> [Excerpted records]

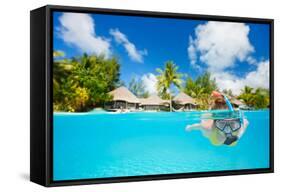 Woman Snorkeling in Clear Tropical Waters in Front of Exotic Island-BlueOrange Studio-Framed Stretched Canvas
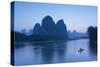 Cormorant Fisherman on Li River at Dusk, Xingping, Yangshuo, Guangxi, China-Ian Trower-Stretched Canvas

---

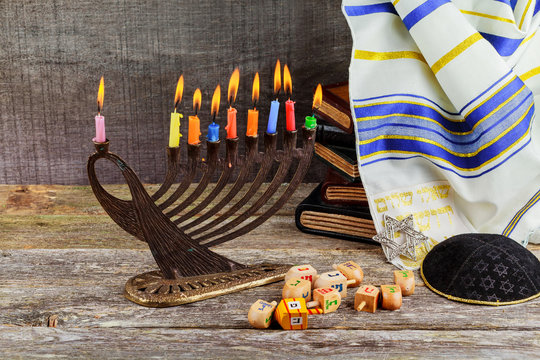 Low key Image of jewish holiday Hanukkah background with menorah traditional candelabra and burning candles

---

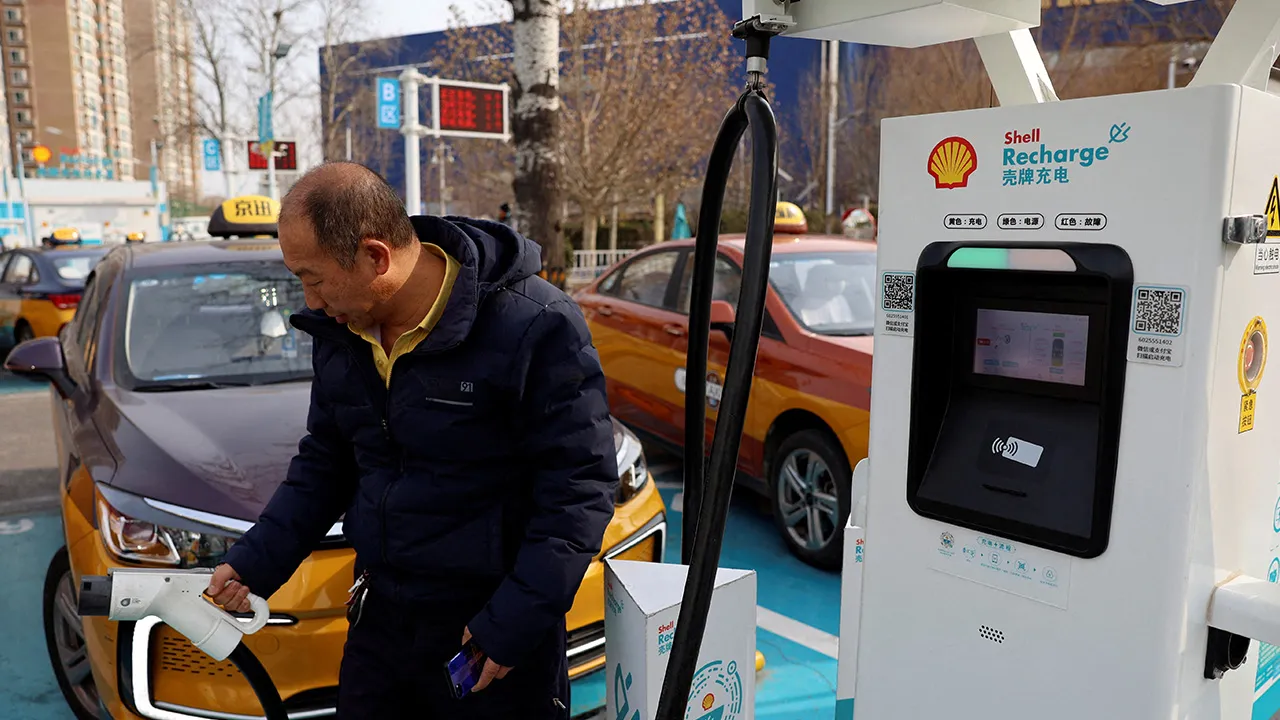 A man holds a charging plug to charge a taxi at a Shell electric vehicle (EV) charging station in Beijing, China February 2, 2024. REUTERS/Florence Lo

> [Goal of the exercise] Of the lines above, quote exactly those from the one with "Woman Snorkeling in" through the one with "Cormorant Fisherman on", ends included; pictures stay out.

> [Your solution]
 Woman Snorkeling in Clear Tropical Waters in Front of Exotic Island-BlueOrange Studio-Framed Stretched Canvas
 Cormorant Fisherman on Li River at Dusk, Xingping, Yangshuo, Guangxi, China-Ian Trower-Stretched Canvas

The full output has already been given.